Павел похолодел. Он не заблуждался насчет диплома, но открытие, что он ославлен по всему "Витязю", ударило его как пощечина. На собственной шкуре он убеждался, как верны легенды, что директор знал о предприятии все, вплоть до кличек котов, которые харчевались при столовой. Знал даже, что самого наглого и вальяжного кота величают, как самого Морозова, Александром Ивановичем. Пока Павел приходил в себя, Морозов, шевеля губами, втянул голову в мощные плечи. Наклонил чугунную голову, выставил вперед лоб, словно абордажный таран, и двинулся на выход. Его хмурое лицо проследовало за задником из декоративных лиан и листьев фикуса.

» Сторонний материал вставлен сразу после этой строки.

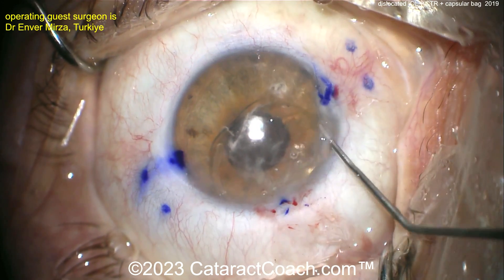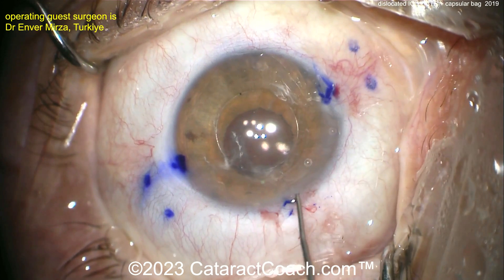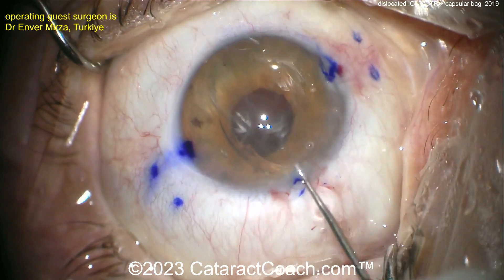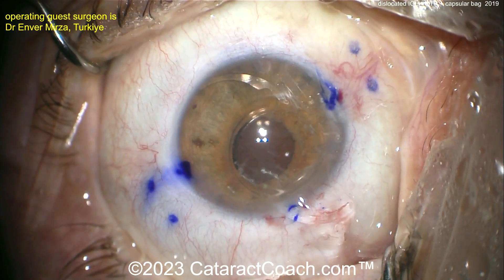Let's see the technique to remove the lens — are we going to cut it, twist it out, or fold it? More viscoelastic — always a good idea. Make sure there's no vitreous around. Rotating inside the eye a little bit — you want to bring out that one haptic first. There you go — bring out the one haptic.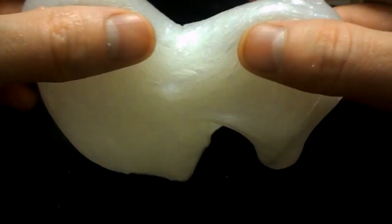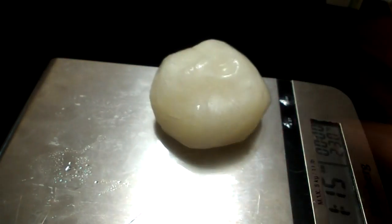Optionally you can paint the slime with dyes. I also advise you to keep the slime in the refrigerator in a sealed jar, so your slime will survive more than a month.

Павел вылетел из здания как пробка из бутылки и, очнувшись на улице, автоматически наблюдал пересеченную трубами и проводами территорию, где маячили, как призраки, тени полуночных работников. Перебирая взглядом окна, поднимающиеся где-то полоски дыма или пара, он не знал и не понимал, зачем нужны были эти трубы, куда проложены провода, чем заняты люди, которые брели к проходной. Перспектива остаться в стороне от серьезных дел вызвала у Павла, добитого встречей с Морозовым, страх, похожий на жалкие в своей растерянности дерганья внутри взмывавшего с земли "Ан-2". Эта последняя капля в чаше неурядиц побудила его к действиям, и он отправился к Вадиму Викторовичу, который вроде не планировал задерживаться, — заклиная, чтобы тот оказался на рабочем месте.

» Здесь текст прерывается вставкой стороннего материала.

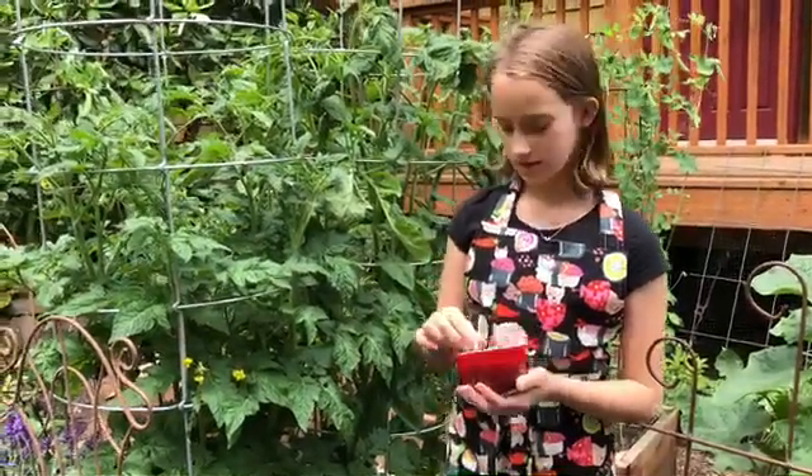Remember those eggshells that I told you not to throw away? The reason I told you not to throw them away is because you can crush them up and give them to our tomatoes because our tomatoes love calcium. Let's take a look at them.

Вадим Викторович, заметив сыновнюю угрюмость, помрачнел. Вокруг Павла захлопотали, отыскали чашку сомнительной чистоты, и Павел молча прихлебывал некрепкий чай, пока двое молодых специалистов, балуясь, поливали лимонное деревце, которое стояло на подоконнике, настоем из бульонных кубиков. Глядя на эту возню, Павел ощутил укол самоуничижения, потому что проказливые парни работали на "Витязе" уже год, и, сколько бы Павел ни надувал щеки, они знали и умели больше, чем он. Беспокоясь, как отнесется к его идее Вадим Викторович, Павел размешивал сахарные крупинки и смотрел на цветное фото за стеклом: новенький, обвитый курящимися вокруг профиля реактивными струями "Су-27", который, среди полупрозрачных газовых потоков, распластался в воздухе, победно застыв в предельной точке "кобры". Красавец "Сухой" был единственным, кто не подавлял его безыскусственным превосходством. Этот восхитительный образец инженерного искусства никому не портил настроения, и косящийся на изображение Павел, любуясь колдовским истребителем, немного успокоился.